Searching on a year "1938" doesn't return result that is expected
laurensorensen opened this issue · comments
When searching on 1938 in the search bar with All Fields selected, the result only comes up with two results, one from 1946 and one where the identifier is H-1938.
URL to the search:
https://virtualtribunals-stage.stanford.edu/nuremberg?search_field=all_fields&q=1938
Would expect the one and only record from 1938 to show up on this search:
URL to the 1938 record (the year exists within a range... not sure if that is relevant):
https://virtualtribunals-stage.stanford.edu/catalog/mt839rq8746aspace_ae47fbe3b5a20b92d0f0d5947ea70d67
I'm not sure I understand this. One has the resource identifier "H-5260_1938A_1" and the other has the resource identifier "H-1938". So both of those should show up. Are you suggesting that H-1594 should also show up since it has a date range that spans 1936-45?
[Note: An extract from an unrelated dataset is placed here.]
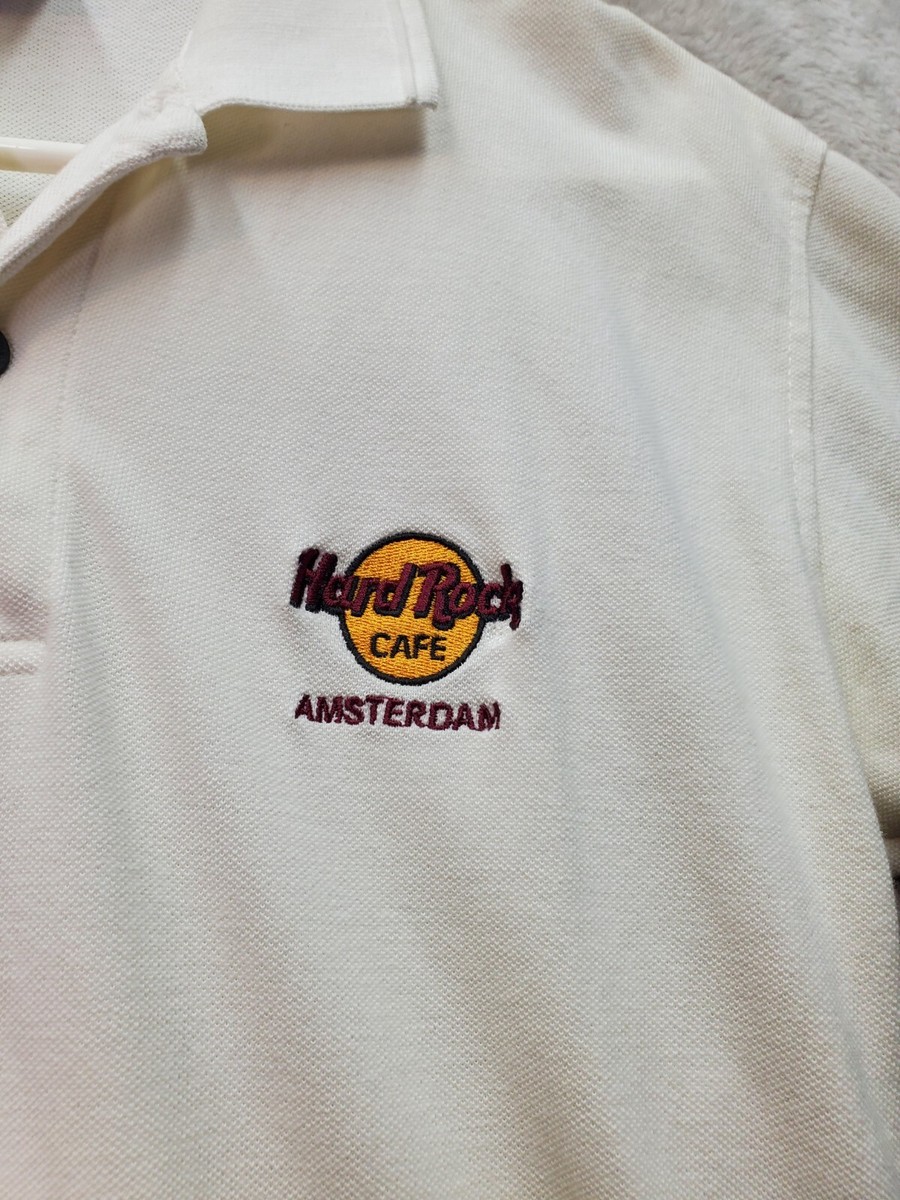 Hard Rock Cafe ポロシャツ XS ホワイト Hard Rock Cafe Polo Shirt Men's Small White Amsterdam Short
If we wanted to satisfy this, we'd first have to recognize that the query "1938" was part of a date. Would we also support "1938-10" (Oct 1938) and "1938-10-23" ? What about other formats (e.g. "Oct 1938", "October 1938", "The 1930s", "193?")? I think this will be very challenging.
It is totally fine that H-1938 and the other with that text as a string shows up, it's just bad that the date 1938 doesn't return anything even though there is a date range that includes 1938. I thought dates were able to be indexed for searching? Otherwise, I wouldn't be (as user) searching "all fields"... since date is a field.
If it's a lot of work and out of scope for this workcycle, that's fine, I just think in the future we would like to be able to have users search a date in YYYY or YYYY-MM or YYYY-MM-DD and return a record with that date associated.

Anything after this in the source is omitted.